TASK REQUIREMENTS: From the data that follows, set down exactly the lines from the one with "Biotique Advanced Ayurveda" through the one with "Designer Embroidered Kaftan", counting both. Pictures stay out.

-- PROVIDED RECORDS follows --

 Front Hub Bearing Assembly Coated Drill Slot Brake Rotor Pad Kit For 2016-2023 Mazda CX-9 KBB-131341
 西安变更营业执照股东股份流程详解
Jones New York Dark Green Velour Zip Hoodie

-- PROVIDED RECORDS concluded --
-- PROVIDED RECORDS follows --

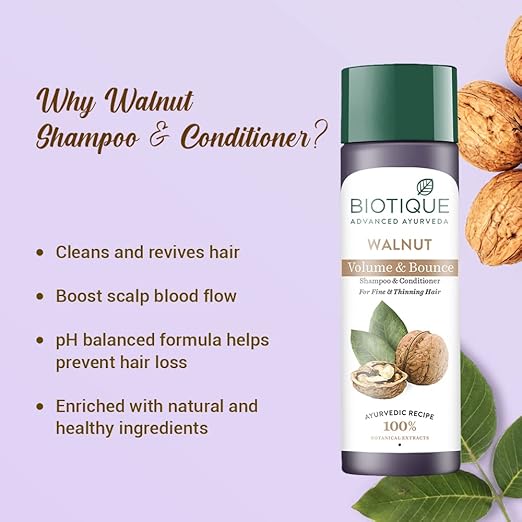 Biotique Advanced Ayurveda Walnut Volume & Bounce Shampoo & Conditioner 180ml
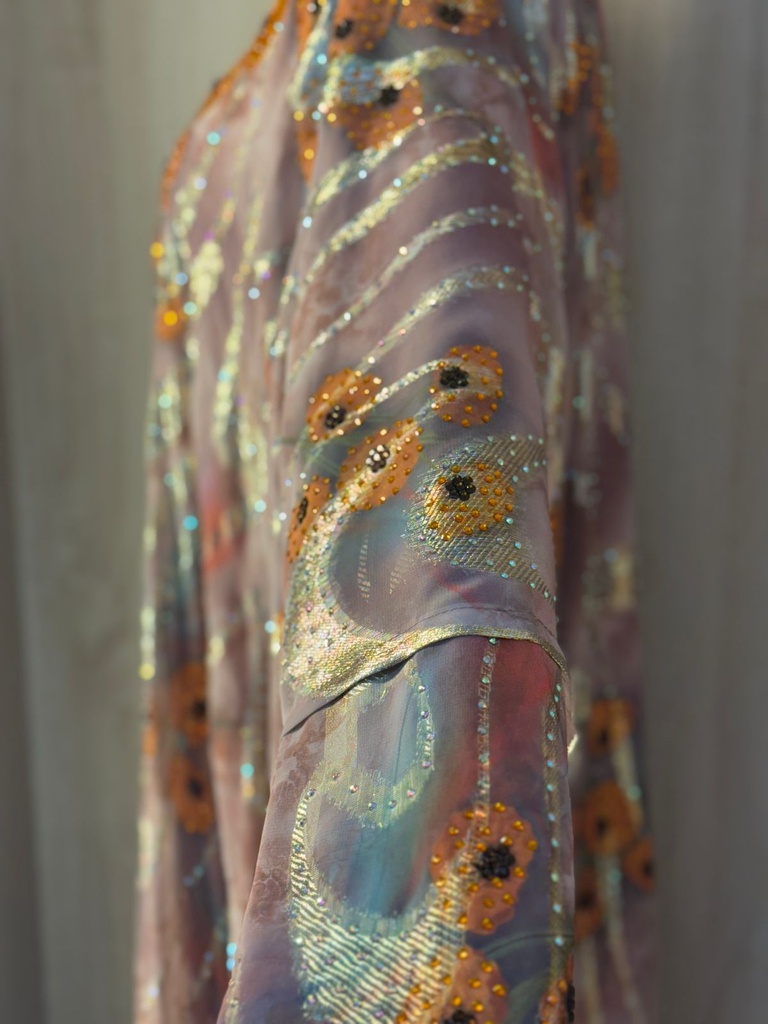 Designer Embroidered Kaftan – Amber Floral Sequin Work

-- PROVIDED RECORDS concluded --

RESPONSE TO THIS TASK:
 Biotique Advanced Ayurveda Walnut Volume & Bounce Shampoo & Conditioner 180ml
 Designer Embroidered Kaftan – Amber Floral Sequin Work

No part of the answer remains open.